- _Required work_
Pictures stay out of the copy, and everything else in the data below is repeated exactly.

======== Collected material ========

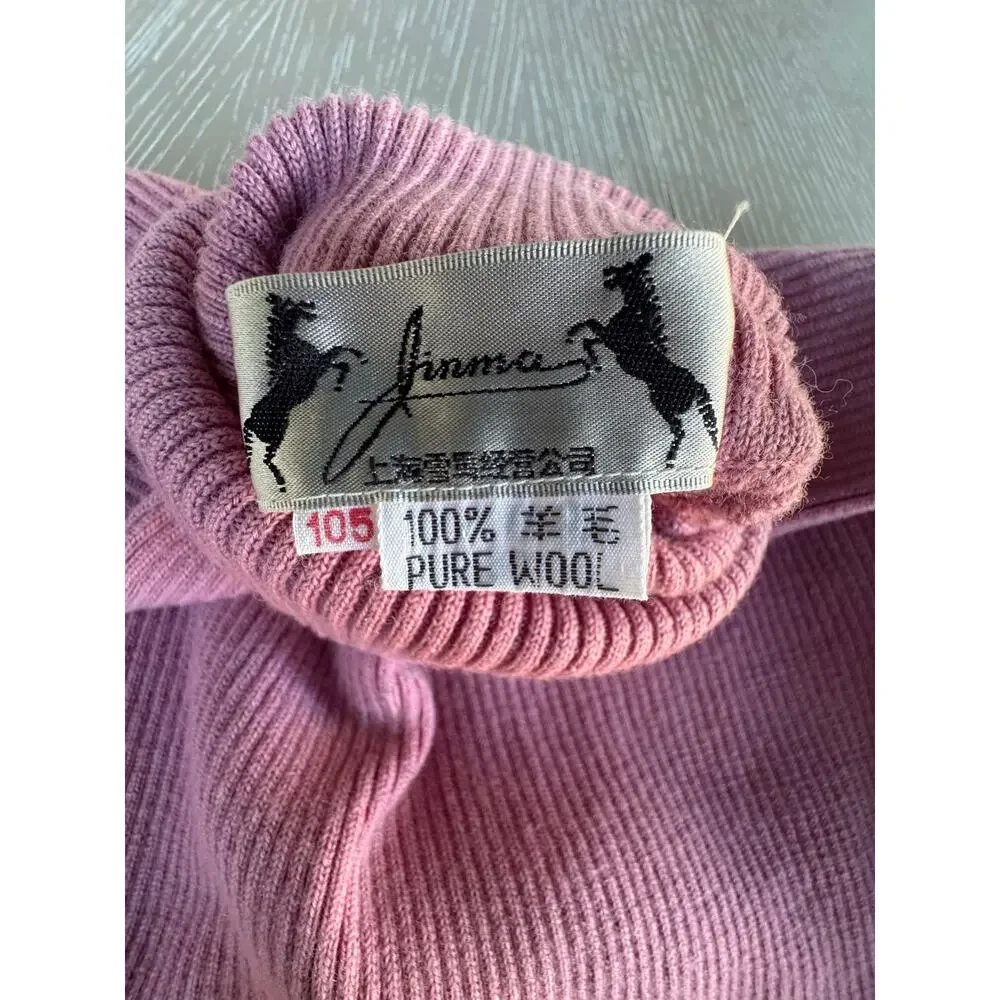 Vintage Jinma Dusty Pink 100% Pure Wool Ribbed Turtleneck Sweater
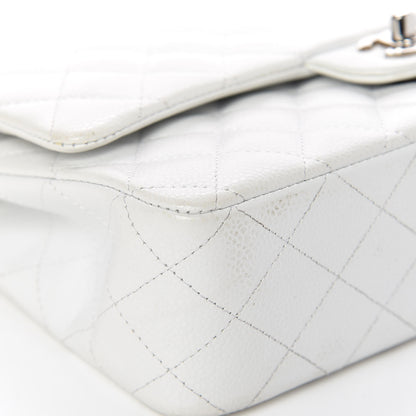 Chanel Caviar Quilted Medium Double Flap White 8 of 19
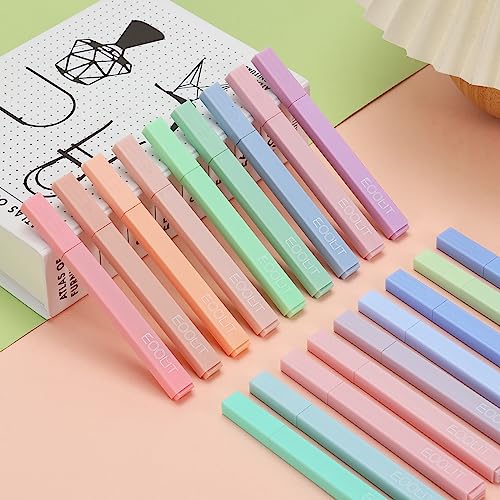 EOOUT 18pcs Aesthetic Cute Pastel Highlighters with Assorted Colors, Bible Highlighters and Pens No Bleed, Soft Chisel Tip, Dry Fast, Easy to Hold for Journal Notes School Office Supplies (Morandi)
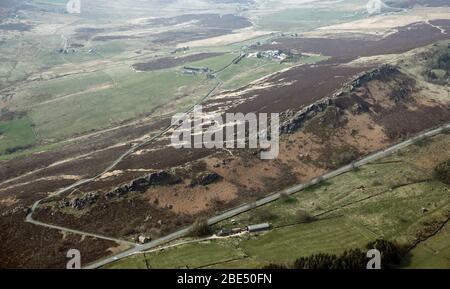 aerial view of Ramshaw Rocks, an escarpment in the Peak District Stock Photo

========

- _Result of this task_
 Vintage Jinma Dusty Pink 100% Pure Wool Ribbed Turtleneck Sweater
 Chanel Caviar Quilted Medium Double Flap White 8 of 19
 EOOUT 18pcs Aesthetic Cute Pastel Highlighters with Assorted Colors, Bible Highlighters and Pens No Bleed, Soft Chisel Tip, Dry Fast, Easy to Hold for Journal Notes School Office Supplies (Morandi)
 aerial view of Ramshaw Rocks, an escarpment in the Peak District Stock Photo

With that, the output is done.